Why pull, not push? Pull gives each follower control over its own pace. A slow follower does not block the leader's write path. The leader just serves fetch requests when they arrive.

Step 2: Manage replication thread lifecycle

Starting and stopping the replication thread

Each node runs a replication thread that handles all topics this node replicates (i.e., topics where this node is a follower, not the leader). Start and stop are guarded by a nil-check so calling them multiple times is safe:

// topic/replication.go

func (tm *TopicManager) StartReplicationThread() {
    tm.mu.Lock()
    if tm.stopReplication != nil {
        tm.mu.Unlock()
        return
    }
    tm.stopReplication = make(chan struct{})
    tm.mu.Unlock()
    go tm.runReplicationThread()
}

func (tm *TopicManager) StopReplicationThread() {
    tm.mu.Lock()
    ch := tm.stopReplication
    tm.stopReplication = nil
    tm.mu.Unlock()
    if ch != nil {
        close(ch)
    }
}

StartReplicationThread checks under a lock whether the stop channel already exists — if so, the thread is already running. StopReplicationThread swaps the channel to nil under the lock and then closes it, so a double-stop is harmless.

The replication loop with cancellable context

The thread wakes every second and replicates all topics.

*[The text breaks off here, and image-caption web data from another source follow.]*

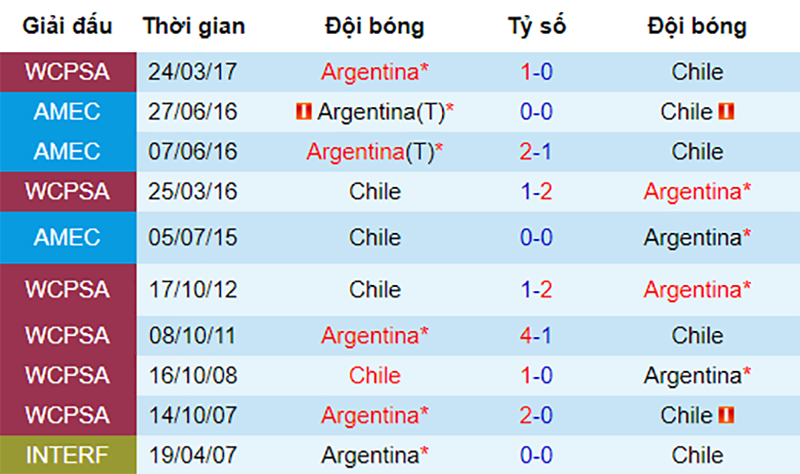 dự đoán Argentina vs Chile, nhận định Argentina vs Chile, Argentina vs Chile, copa america, Argentina, Chile, soi kèo Argentina vs Chile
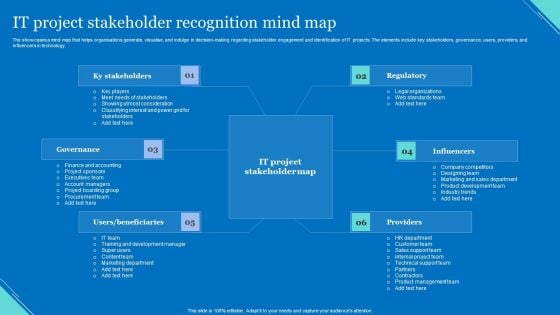 IT Project Stakeholder Recognition Mind Map Infographics PDF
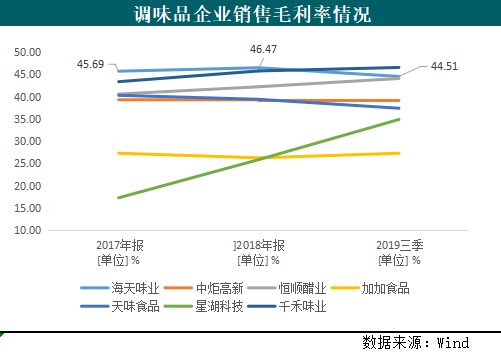 11、海天味业2.png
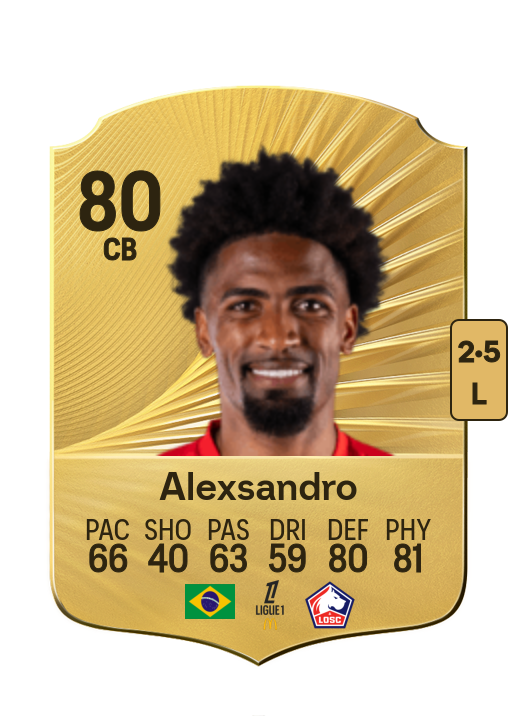 Alexsandro de Souza Ribeiro card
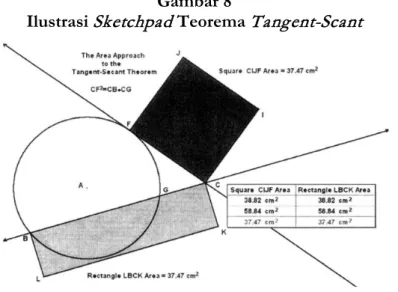 Ilustrasi Sketchpad Teorema Tangent-Scant 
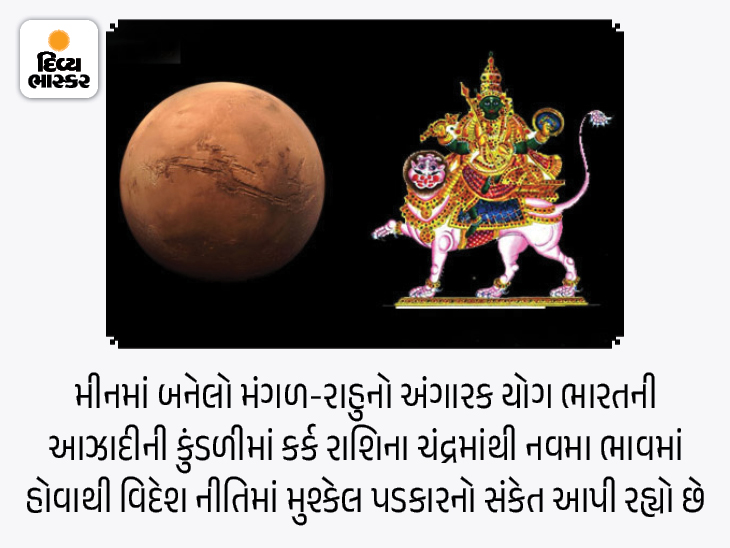 Destructive Angaraka Yoga of Rahu-Mars in Pisces Effect of Angarak Yog ...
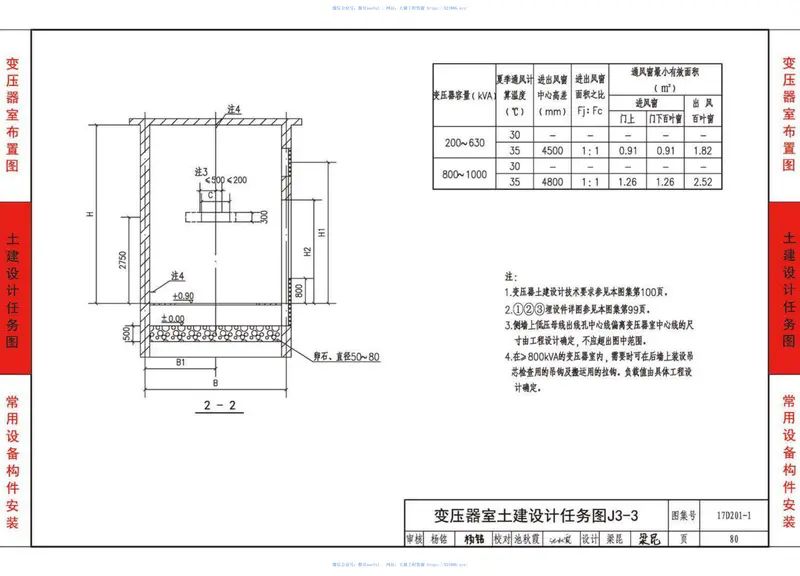 17D201-135／0.4kV附设式油浸变压器室布置 预览图
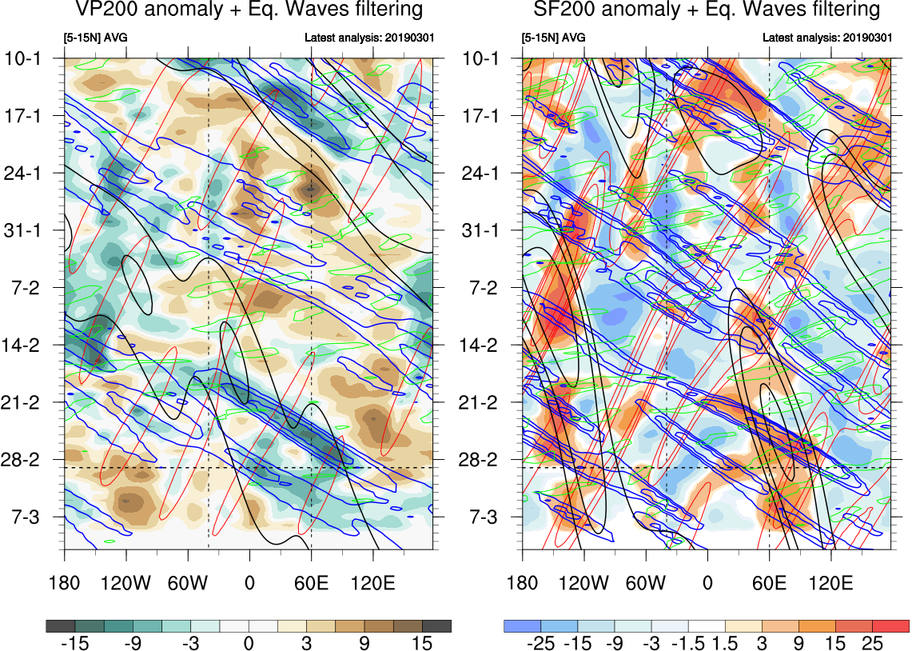 Annexe 20190301_ECMWF_CHIFLT-VDIVFLT_200_HOV.png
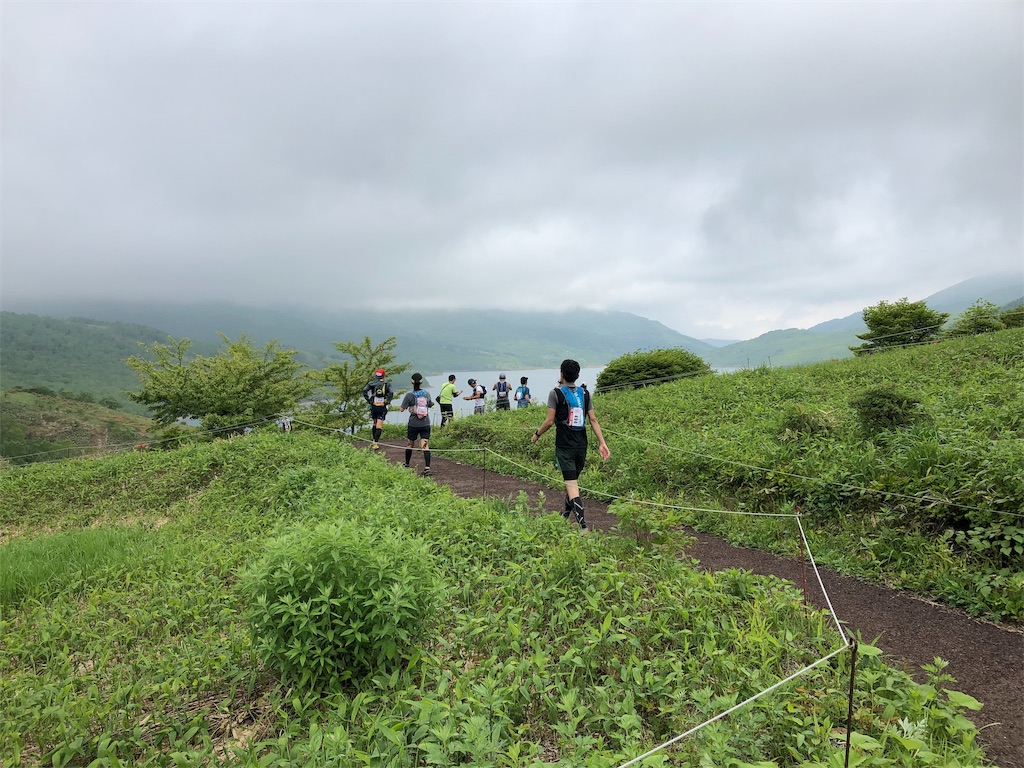 f:id:fumiya0803:20190625185423j:image f:id:fumiya0803:20190625185423j:image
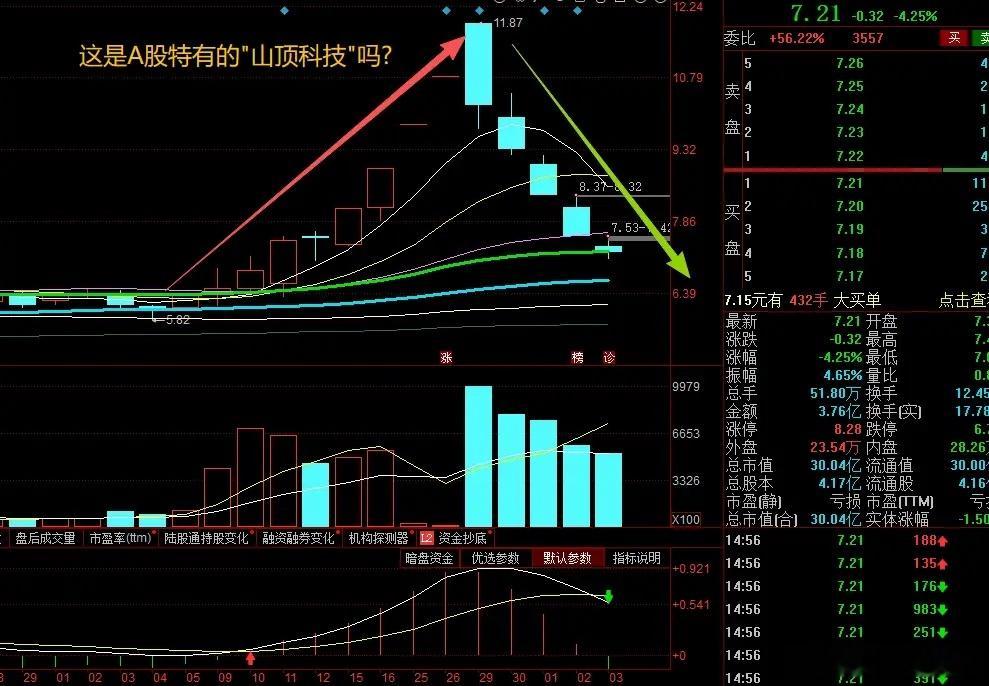 本周A股“惨案股”出炉！摘帽易主翻倍牛股现高位五连跌，最大回撤超44%，山顶股民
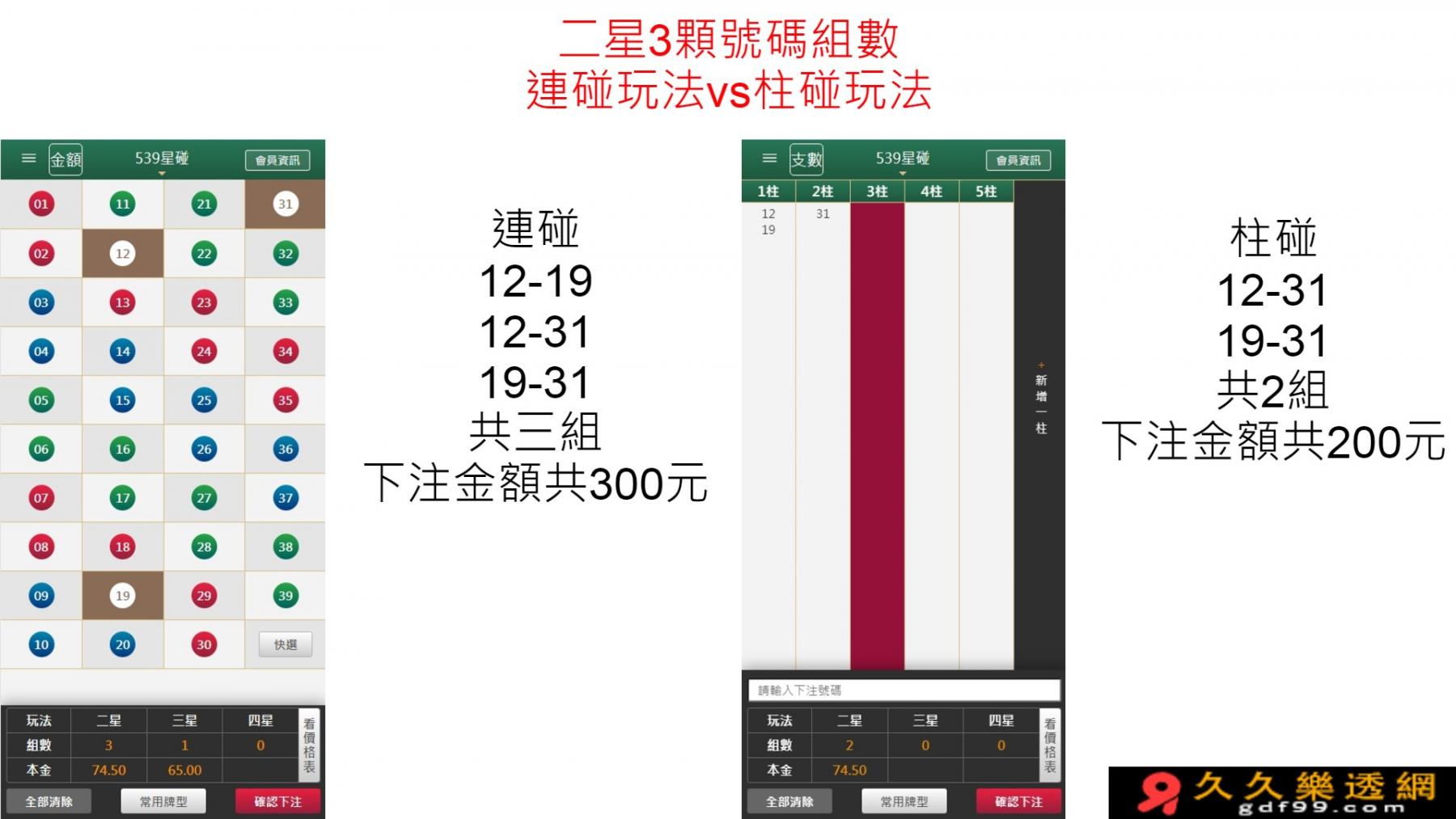 539地下下注，539玩法教學》二三四星連碰、柱碰、全車、5不中- 久久樂透網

It derives a context.Context from the stop channel so that every downstream operation can be cancelled cleanly on shutdown:

const replicationTickInterval = 1 * time.Second

func (tm *TopicManager) runReplicationThread() {
    ticker := time.NewTicker(replicationTickInterval)
    defer ticker.Stop()

    tm.mu.RLock()
    stop := tm.stopReplication
    tm.mu.RUnlock()

    // Derive a cancellable context from the stop channel.
    ctx, cancel := context.WithCancel(context.Background())
    go func() {
        <-stop
        cancel()
    }()

    for {
        select {
        case <-ctx.Done():
            return
        case <-ticker.C:
            tm.replicateAllTopics(ctx)
        }
    }
}

A background goroutine waits on the stop channel and calls cancel() when it fires, propagating cancellation to every in-flight FetchBatch call.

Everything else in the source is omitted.